My high school girlfriend’s older sister graduated from the UW in 1990 and, in the fashion of the time, had declared herself unequivocally and irrevocably a lesbian. (She’s now happily married in the Tri-Cities with three kids.) She was working as a bartender in a seedy gay bar next to I-5 and clued me in to the fact that the owner was going to start booking rock bands and wanted to hire some straight kids to work the shows. It was January 1991 and I’d been kicked out of my punk-rock crash pad, left to sleep during the day at the Godfather’s Pizza on Broadway and wander around in the rain at night, feeling gritty and hard-bitten. I applied for a job and was the second straight kid hired full time, after Sue the ticket girl.
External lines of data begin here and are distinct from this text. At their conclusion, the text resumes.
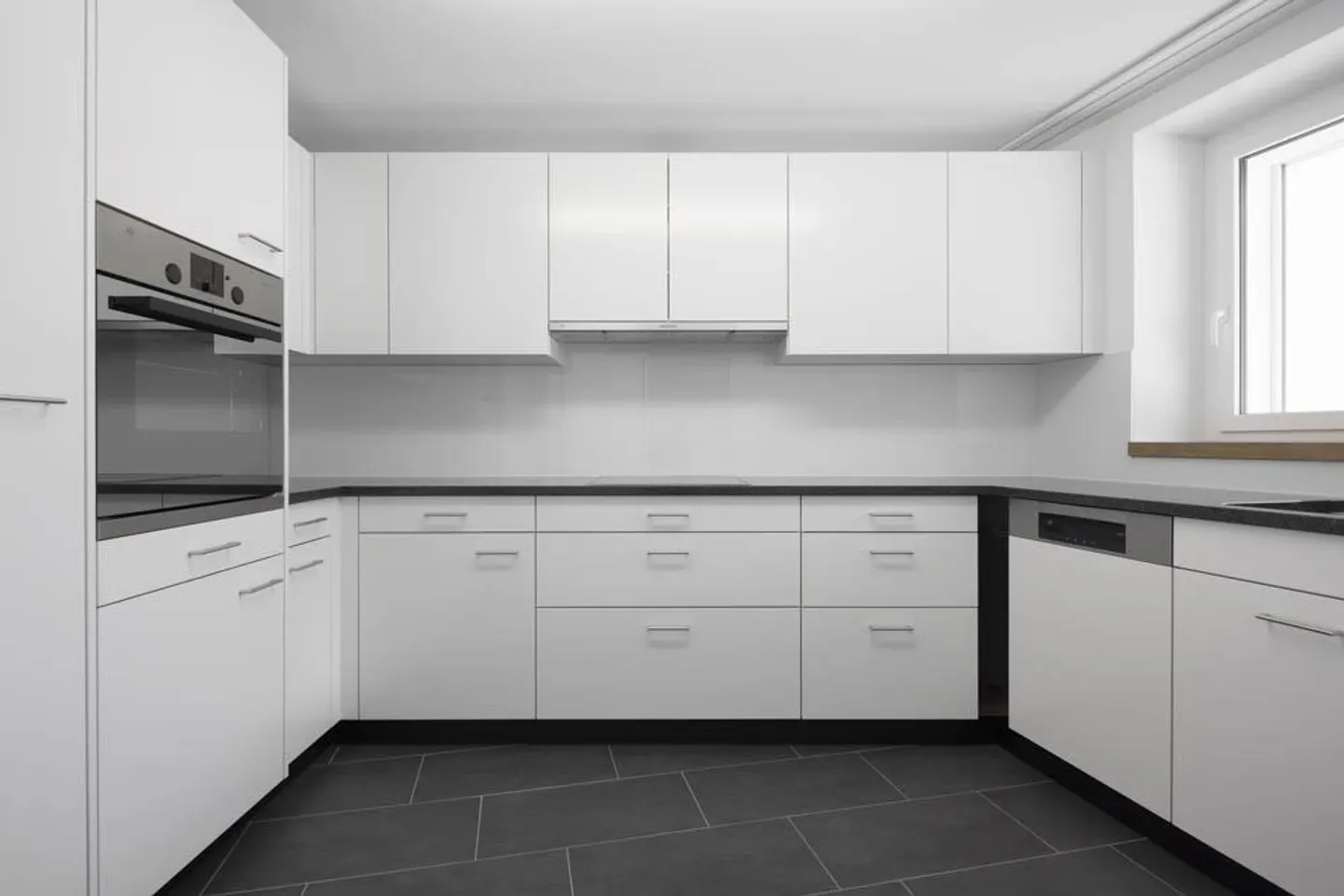 Appartement moderne de 4,5 pièces avec grand balcon - Photo 2 sur 11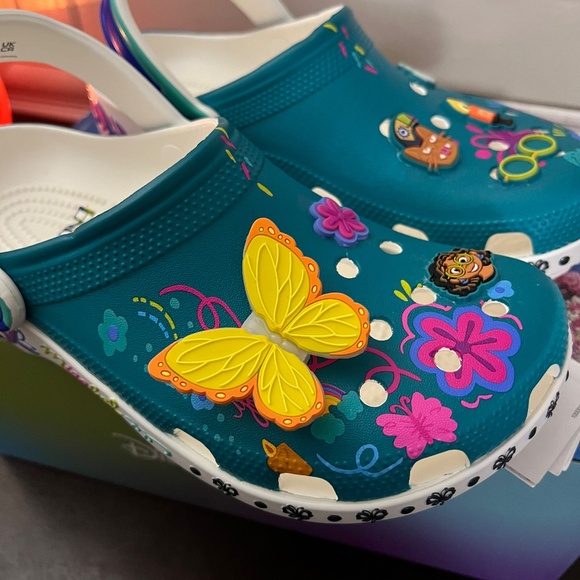 Disney Crocs Clogs Mirabel Juniors 6 Women’s 8 - Picture 4 of 12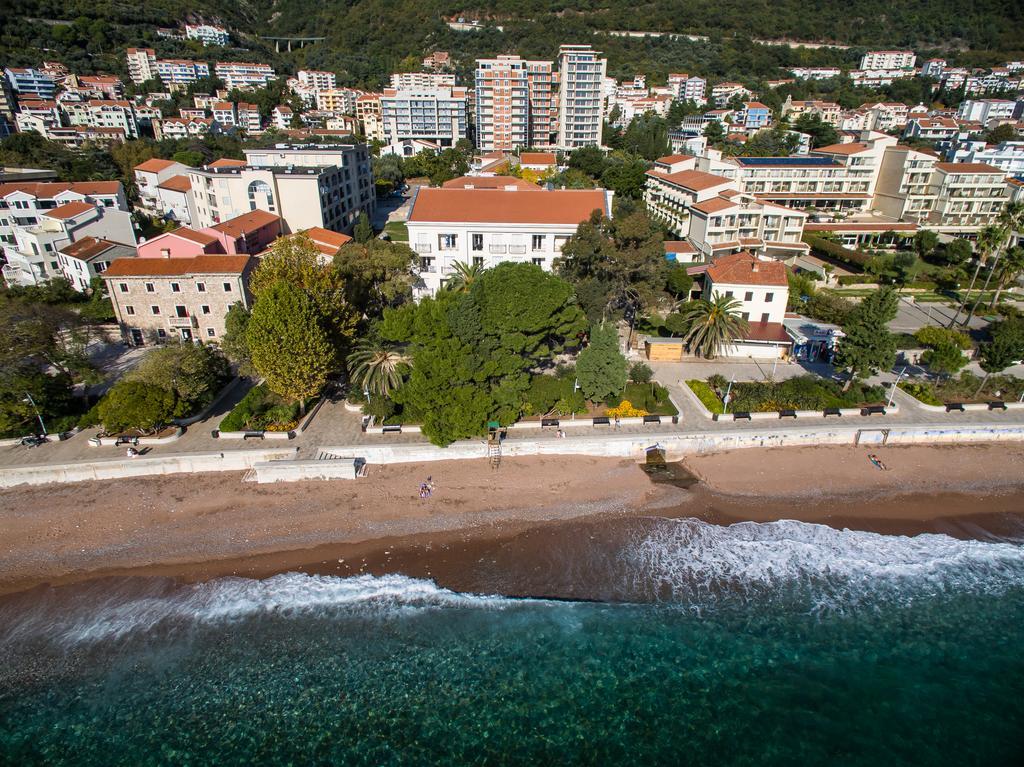 Luxbeachfront Petrovac Eksteriør billede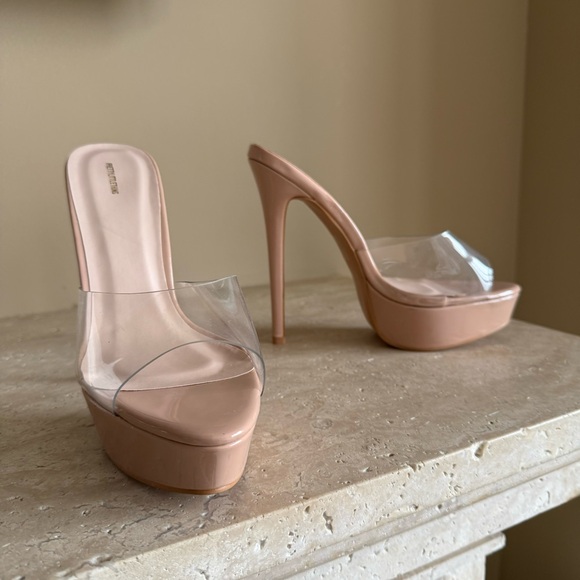 PrettyLittleThing Shoes - Pretty Little Thing Clear Platform Heels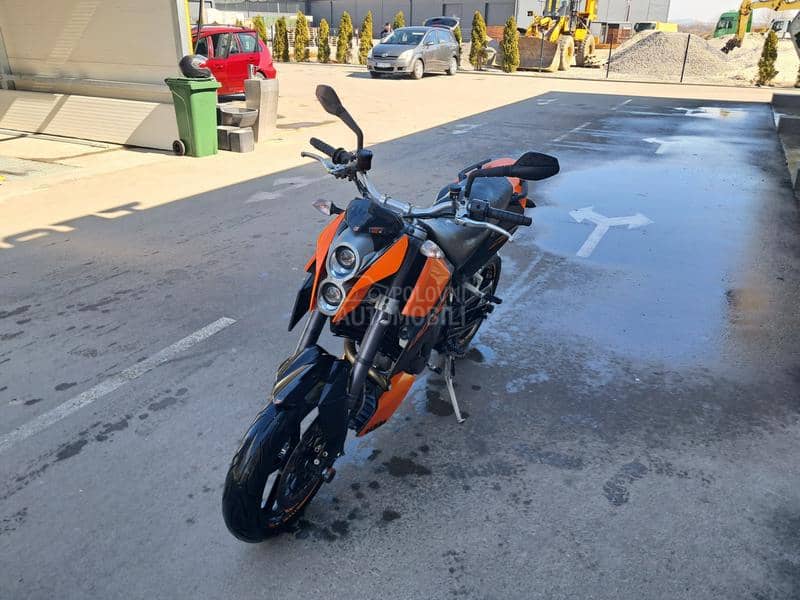 KTM Duke 690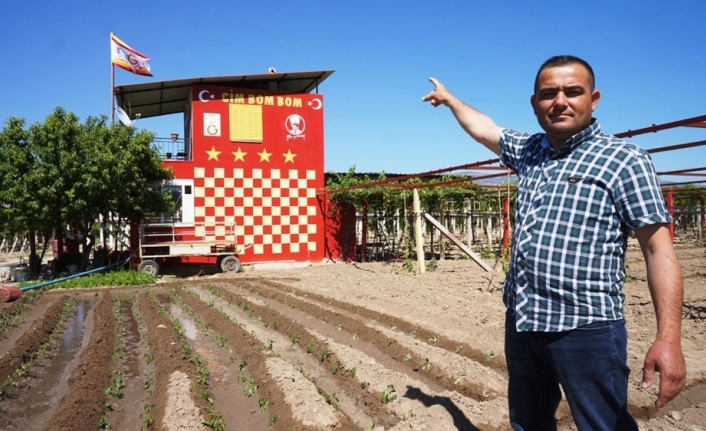 Fanatik taraftar evini sarı kırmızı boyadı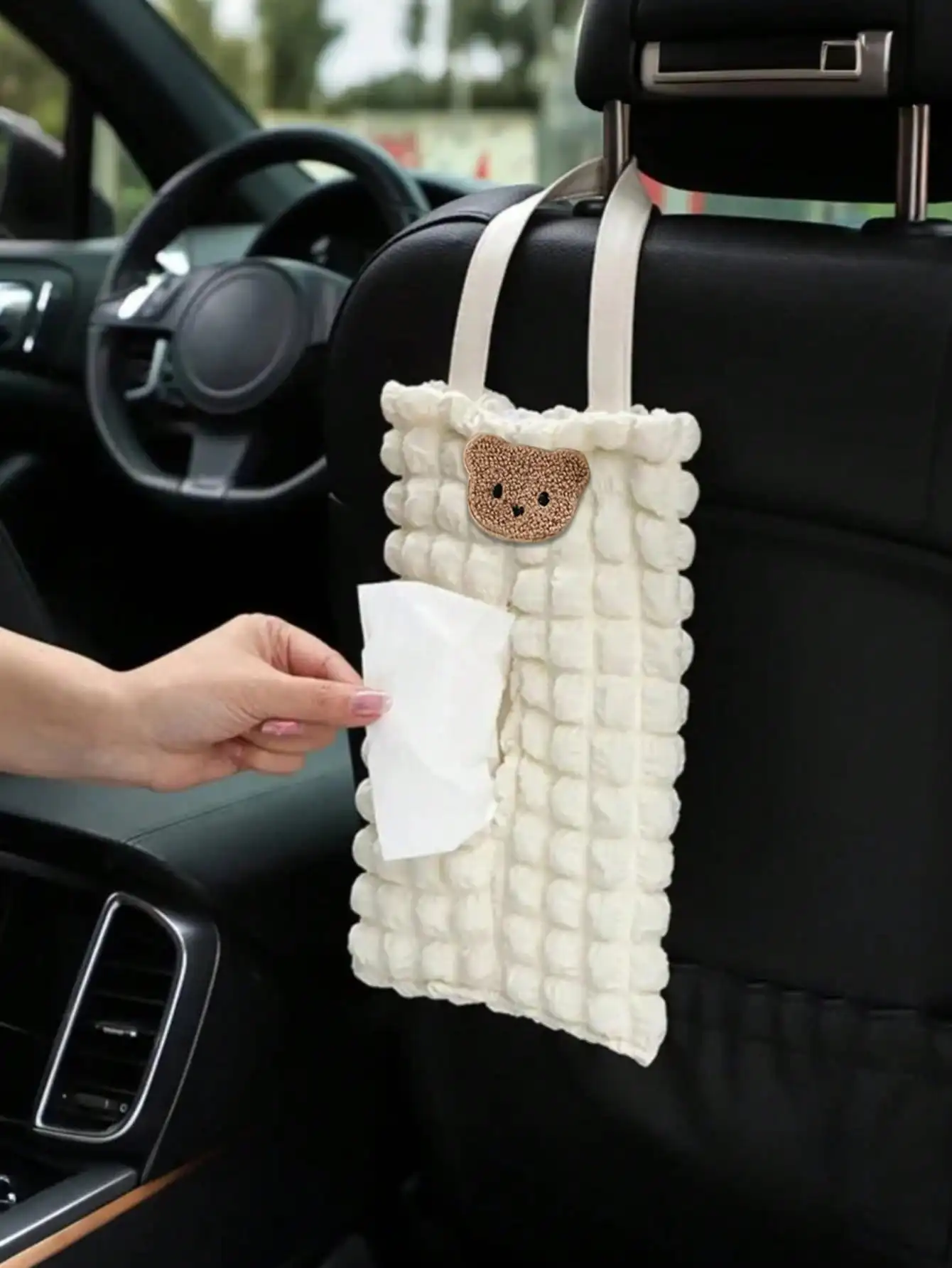 

Роскошная автомобильная коробка для салфеток Puff Grid Bear — мягкая стеганая ткань, двуфункциональный автоаксессуар (украшение и утилита).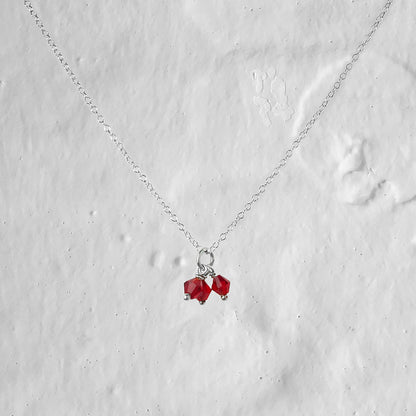 Dreifache Halskette aus Sterlingsilber mit roten CZ-Perlen – 14–22 Zoll
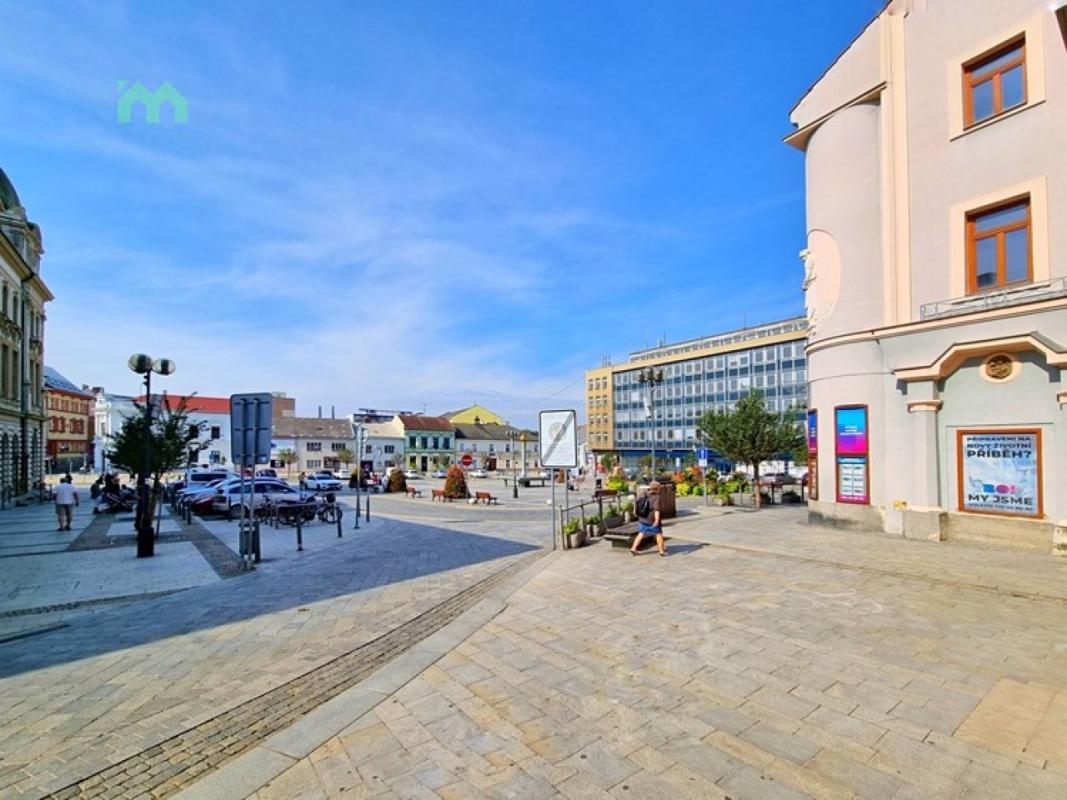 Pronájem kanceláře 90 m² — fotografie 27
The transition from gay bar to rock club didn’t happen overnight: For the first few months, we alternated rock shows, drag shows, lesbian dance parties, and leather-daddy nights. In 1991 gay culture was not fully “out” in the mainstream, and gay clubs like this one were sacred places where people could really express themselves. Drag shows were still enormously popular, and the Imperial Court of Seattle was a big deal. I played it fairly cool my first couple of weeks, acting unfazed and jaded, but the first leather night I cowered in the back. 300 crew-cut guys in leather chaps chatted softly in a room that smelled of lavender while various young men were being spanked onstage, and I, 21 years old with a peach-fuzz beard, carried drinks on a tray. Yikes! The manager, a leather daddy himself, had to force me out on the floor by rattling his handcuffs at me. Gradually the club hosted fewer and fewer gay nights and hired more and more kids to work the rock and roll. By the spring of 1991, grunge was exploding and we were at the center of it. We had 500 people every night of the week watching three shitty bands torture their Les Pauls, and when a band like Hammerbox or Gruntruck played we would violate every fire code, every labor law, and every concept of human decency. I watched Seattle turn from a dumpy seaport with a dismal and cynical punk scene into an international entertainment mecca in the space of six months. The bar was called the Off Ramp, later the Graceland, now El Corazon, and for a while it felt like the center of the universe.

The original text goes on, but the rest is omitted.